-- EXERCISE INPUT follows --

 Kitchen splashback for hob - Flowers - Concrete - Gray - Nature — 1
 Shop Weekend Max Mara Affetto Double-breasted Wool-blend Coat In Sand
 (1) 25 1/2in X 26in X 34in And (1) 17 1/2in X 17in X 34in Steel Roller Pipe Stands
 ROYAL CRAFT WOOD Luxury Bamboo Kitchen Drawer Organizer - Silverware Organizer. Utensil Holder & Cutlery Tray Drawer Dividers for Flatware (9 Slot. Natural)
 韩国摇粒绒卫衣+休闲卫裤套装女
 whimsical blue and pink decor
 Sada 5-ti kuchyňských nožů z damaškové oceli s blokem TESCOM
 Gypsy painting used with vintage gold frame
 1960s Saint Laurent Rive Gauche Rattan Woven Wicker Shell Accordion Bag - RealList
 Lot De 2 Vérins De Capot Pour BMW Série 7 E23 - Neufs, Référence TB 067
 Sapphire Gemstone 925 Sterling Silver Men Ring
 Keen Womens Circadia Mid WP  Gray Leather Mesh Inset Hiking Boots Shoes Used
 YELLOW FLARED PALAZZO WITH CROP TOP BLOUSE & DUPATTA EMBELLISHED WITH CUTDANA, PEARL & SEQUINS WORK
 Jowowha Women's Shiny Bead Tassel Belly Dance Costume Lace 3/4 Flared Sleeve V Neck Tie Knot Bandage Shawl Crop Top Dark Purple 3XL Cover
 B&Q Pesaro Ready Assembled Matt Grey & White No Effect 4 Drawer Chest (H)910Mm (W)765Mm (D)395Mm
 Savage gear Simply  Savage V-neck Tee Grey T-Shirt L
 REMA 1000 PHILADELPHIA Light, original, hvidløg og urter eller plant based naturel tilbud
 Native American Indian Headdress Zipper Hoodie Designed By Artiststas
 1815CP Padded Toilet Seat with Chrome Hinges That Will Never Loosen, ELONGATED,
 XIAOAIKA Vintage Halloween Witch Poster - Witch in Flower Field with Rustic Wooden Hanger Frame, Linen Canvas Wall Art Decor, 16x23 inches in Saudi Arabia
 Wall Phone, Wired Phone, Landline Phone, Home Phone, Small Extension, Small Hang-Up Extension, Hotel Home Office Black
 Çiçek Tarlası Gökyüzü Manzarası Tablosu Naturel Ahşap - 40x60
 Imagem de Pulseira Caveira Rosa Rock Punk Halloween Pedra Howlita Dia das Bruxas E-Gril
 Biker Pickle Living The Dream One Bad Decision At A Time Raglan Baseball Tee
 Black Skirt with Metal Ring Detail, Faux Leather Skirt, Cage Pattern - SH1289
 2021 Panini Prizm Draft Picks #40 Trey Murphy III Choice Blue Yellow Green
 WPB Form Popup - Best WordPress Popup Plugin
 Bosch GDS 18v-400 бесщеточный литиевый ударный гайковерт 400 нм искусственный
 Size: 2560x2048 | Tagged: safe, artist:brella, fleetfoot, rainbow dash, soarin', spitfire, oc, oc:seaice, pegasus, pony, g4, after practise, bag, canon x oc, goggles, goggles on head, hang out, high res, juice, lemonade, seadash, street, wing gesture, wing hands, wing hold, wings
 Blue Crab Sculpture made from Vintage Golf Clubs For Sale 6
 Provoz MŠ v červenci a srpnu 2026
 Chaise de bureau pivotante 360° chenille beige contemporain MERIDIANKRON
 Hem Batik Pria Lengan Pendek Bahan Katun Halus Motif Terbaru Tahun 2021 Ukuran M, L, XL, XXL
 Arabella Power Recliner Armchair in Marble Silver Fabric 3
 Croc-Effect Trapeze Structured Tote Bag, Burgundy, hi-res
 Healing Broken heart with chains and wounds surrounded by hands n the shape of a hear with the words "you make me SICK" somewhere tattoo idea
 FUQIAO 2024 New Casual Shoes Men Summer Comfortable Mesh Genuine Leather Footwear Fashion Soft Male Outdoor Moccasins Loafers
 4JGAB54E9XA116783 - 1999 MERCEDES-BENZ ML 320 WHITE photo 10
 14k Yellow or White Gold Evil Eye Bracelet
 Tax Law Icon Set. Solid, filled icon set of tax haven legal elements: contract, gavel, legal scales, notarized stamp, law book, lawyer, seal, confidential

-- EXERCISE INPUT concluded --

#### PROBLEM TO SOLVE:
Where the string "Gray" appears in a line of the listing, copy that line.

#### OUTPUT BELOW:
 Kitchen splashback for hob - Flowers - Concrete - Gray - Nature — 1
 Keen Womens Circadia Mid WP  Gray Leather Mesh Inset Hiking Boots Shoes Used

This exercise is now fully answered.